**PROBLEM DETAILS**.
Your answer should repeat every line of the records below in which the word "Douai" appears.

::::::

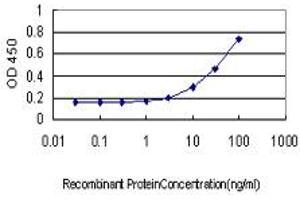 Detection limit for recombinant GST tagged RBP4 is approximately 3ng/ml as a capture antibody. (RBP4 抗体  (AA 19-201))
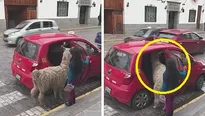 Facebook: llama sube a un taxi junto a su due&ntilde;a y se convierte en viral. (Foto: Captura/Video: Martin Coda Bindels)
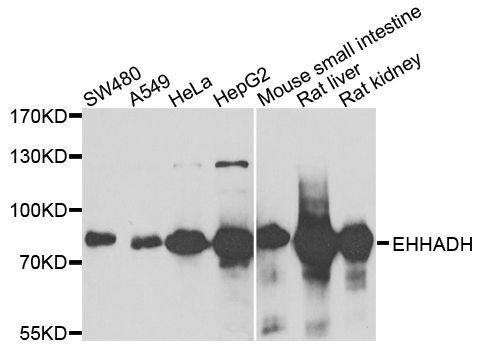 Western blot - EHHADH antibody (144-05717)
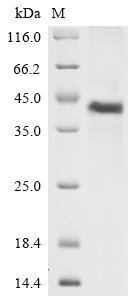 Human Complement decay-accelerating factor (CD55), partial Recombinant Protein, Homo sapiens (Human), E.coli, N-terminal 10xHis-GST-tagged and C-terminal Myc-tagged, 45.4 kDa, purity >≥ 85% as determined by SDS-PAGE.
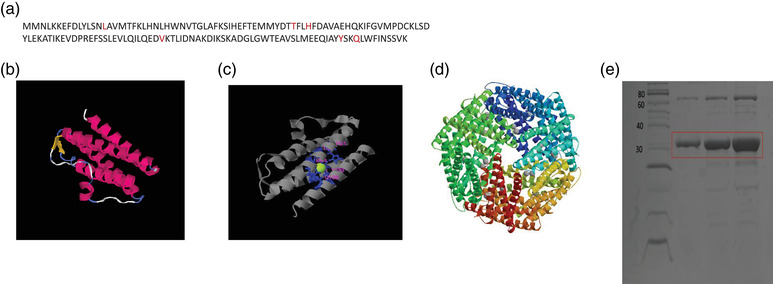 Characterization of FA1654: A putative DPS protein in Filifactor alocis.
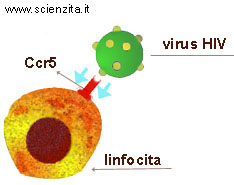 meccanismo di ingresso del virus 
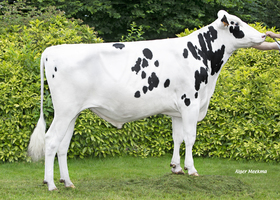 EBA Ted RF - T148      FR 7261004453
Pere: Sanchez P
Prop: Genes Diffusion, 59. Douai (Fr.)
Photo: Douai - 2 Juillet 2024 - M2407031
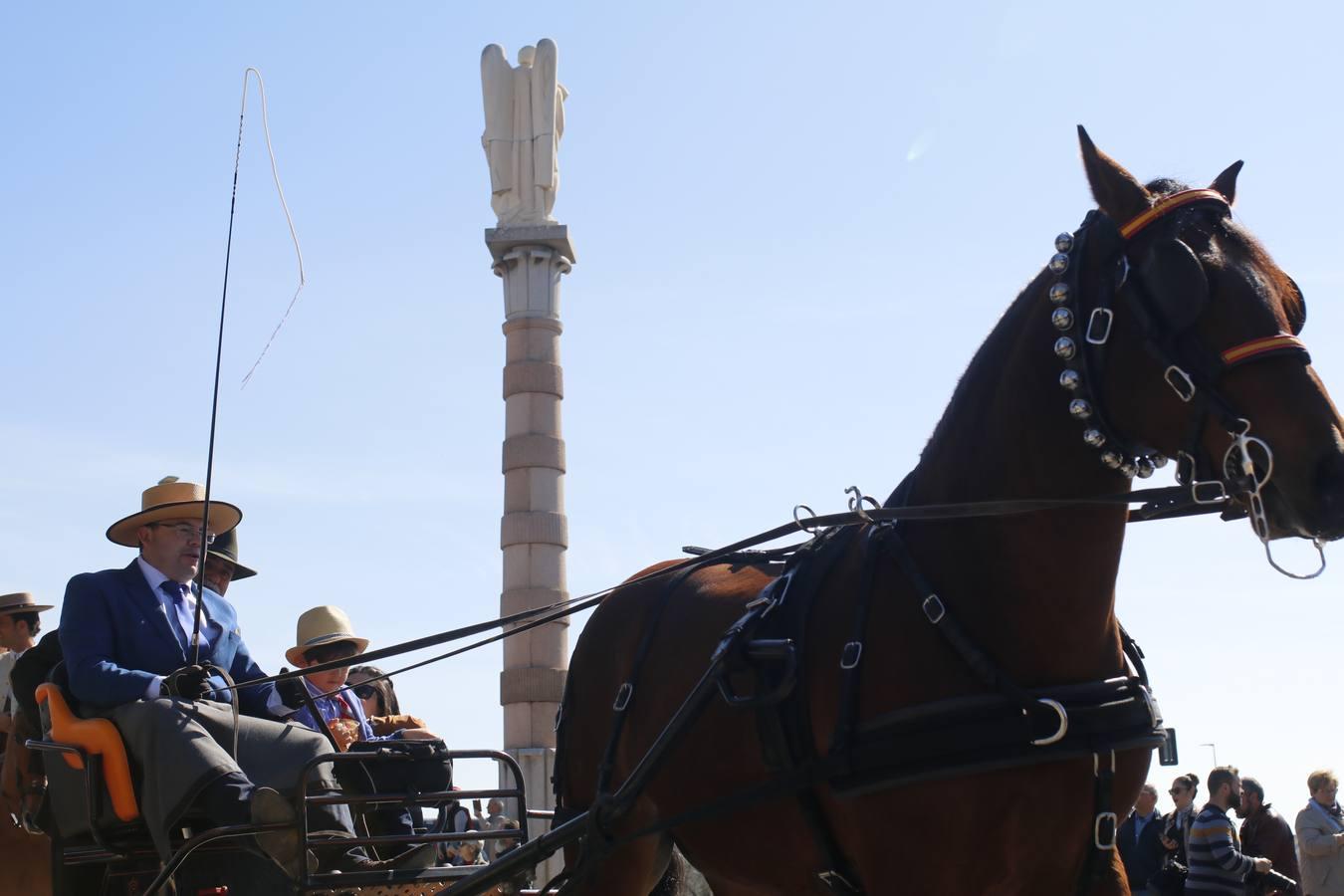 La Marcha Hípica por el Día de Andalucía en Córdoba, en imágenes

::::::

**TASK SOLUTION**.
Prop: Genes Diffusion, 59. Douai (Fr.)
Photo: Douai - 2 Juillet 2024 - M2407031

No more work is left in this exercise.